Constraint Scenario 05 — New Compliance Mandate Mid-Flight
Trigger: Mid-quarter, EU regulator publishes a new directive: AI-generated recommendations must include explicit disclosure, age-gating must be re-verified per session for adult content, and there's a new "right-to-deletion" SLA for any user data used in agent context. Compliance deadline: 90 days. Pillars stressed: P3 (capability flags + LLD) primarily; P1 (safety + eval) and P2 (state lifecycle) secondary.
TL;DR
Compliance changes are the constraint AI teams underestimate the most. The architecture has to express per-jurisdiction policy as data, not as branches in code. The harness pieces that survive contact with this — capability flags, scoped state, eval framework with new dimensions, audit-ready event log — are the same pieces that earned their keep in earlier scenarios. The cost is mostly engineering attention + ~6% latency budget for added safety steps.
The change
Three independent requirements landed together:
| Requirement | What it demands |
|---|---|
| AI disclosure | Every AI-generated recommendation must include "AI-generated, may contain errors" or equivalent, in user's locale |
| Per-session age re-verification | Adult-tier content gating refreshed every session, not once-per-account |
| Right-to-deletion SLA | User can demand all their data used in agent context to be erased; SLA 30 days; auditable |
Each is small in isolation. Together, they touch every layer.

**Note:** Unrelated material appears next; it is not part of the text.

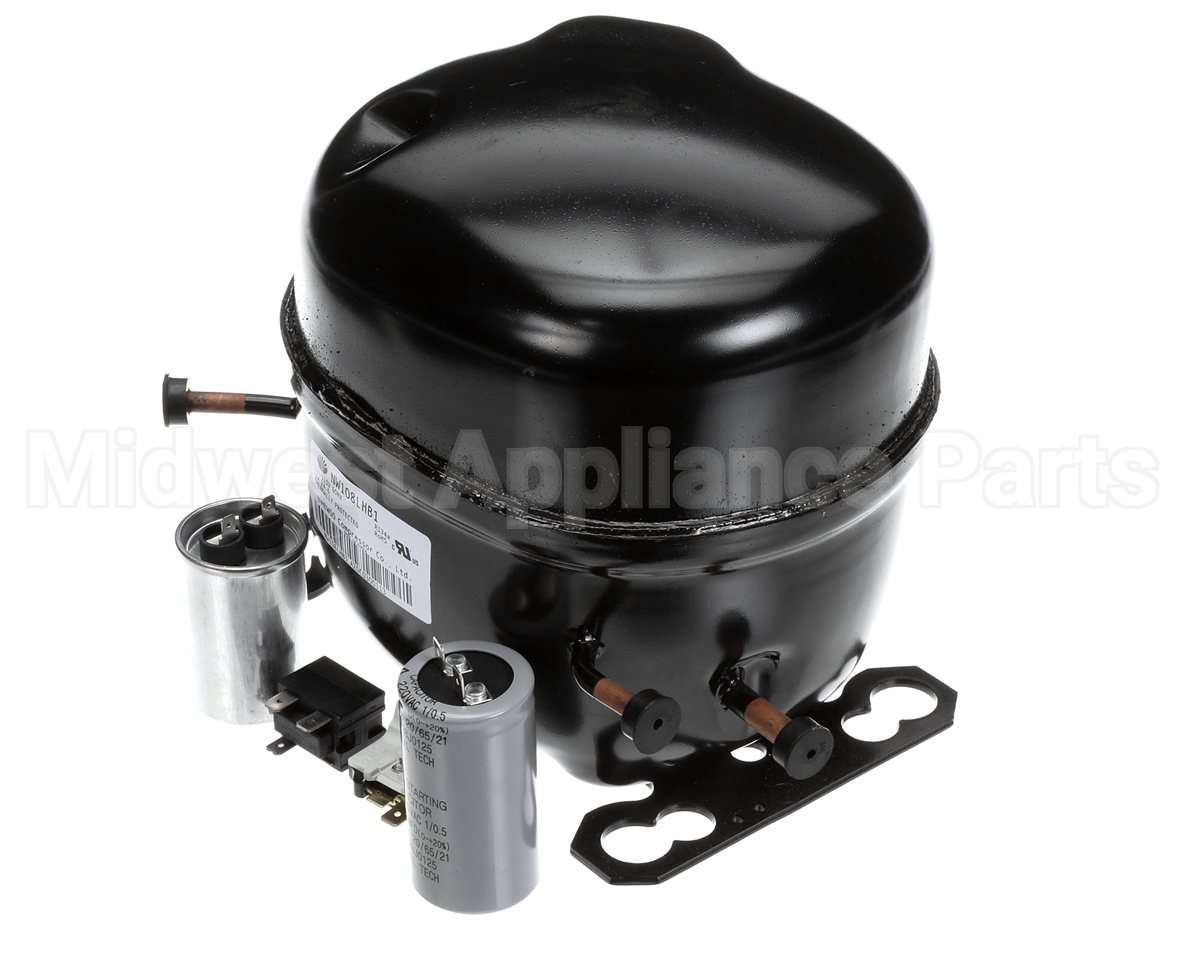P0189Q0800 Turbo Air Compressor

The cascade — what changes where
flowchart TB
Reg[Regulator directive] --> Disc[AI disclosure rule]
Reg --> Age[Per-session age verification]

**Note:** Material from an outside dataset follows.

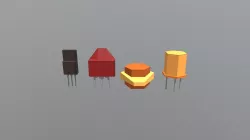 Transistors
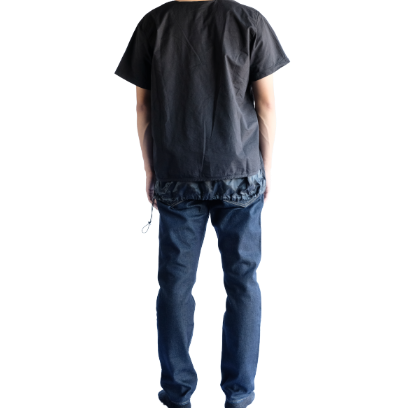F.F.G TP/ST OW Jeans | F.F.G STORE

Reg --> RTD[Right-to-deletion]
Disc --> Compose[Compose node: append disclosure]
Disc --> Eval[Eval rubric: disclosure-present dimension]

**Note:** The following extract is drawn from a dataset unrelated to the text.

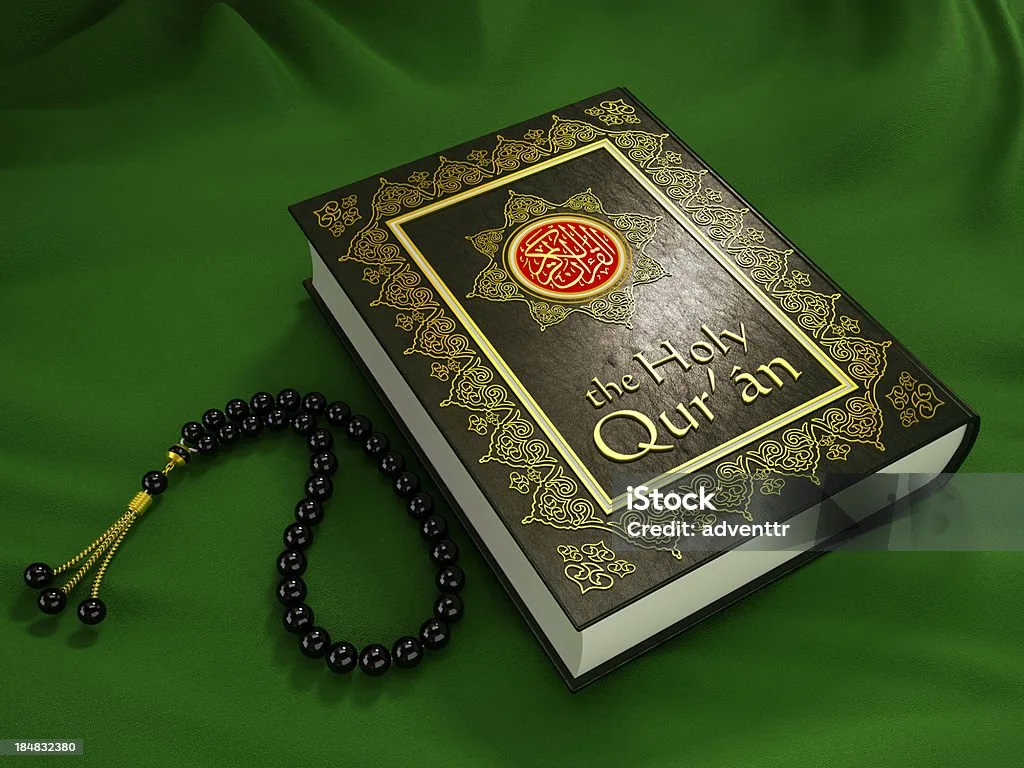 4 kitab allah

Disc --> Locale[Per-locale phrasing]
Age --> Capability[Capability flag: adult_session]
Age --> SafetyPre[Safety pre-check enforces flag]
Age --> SessionState[Session state schema gains verification timestamp]
RTD --> StateSchema[State row + S3 retention extended with user-id index]
RTD --> EventLog[Event log redaction tooling: per-user purge]
RTD --> Audit[Audit endpoint: prove deletion]
RTD --> CacheKey[Inference cache key includes user-deletion-epoch]
Eval --> RegressionTest[New regression test in offline set]
EventLog --> Glue[ETL adds purge job]
The sprawl is real. The harness contains it.
Where each piece lands in the pillars
Pillar 1 — Workflow / safety / eval changes
Compose node appends a per-locale disclosure when the response is AI-generated. The disclosure text is itself a versioned skill output (so legal can update it without a code change).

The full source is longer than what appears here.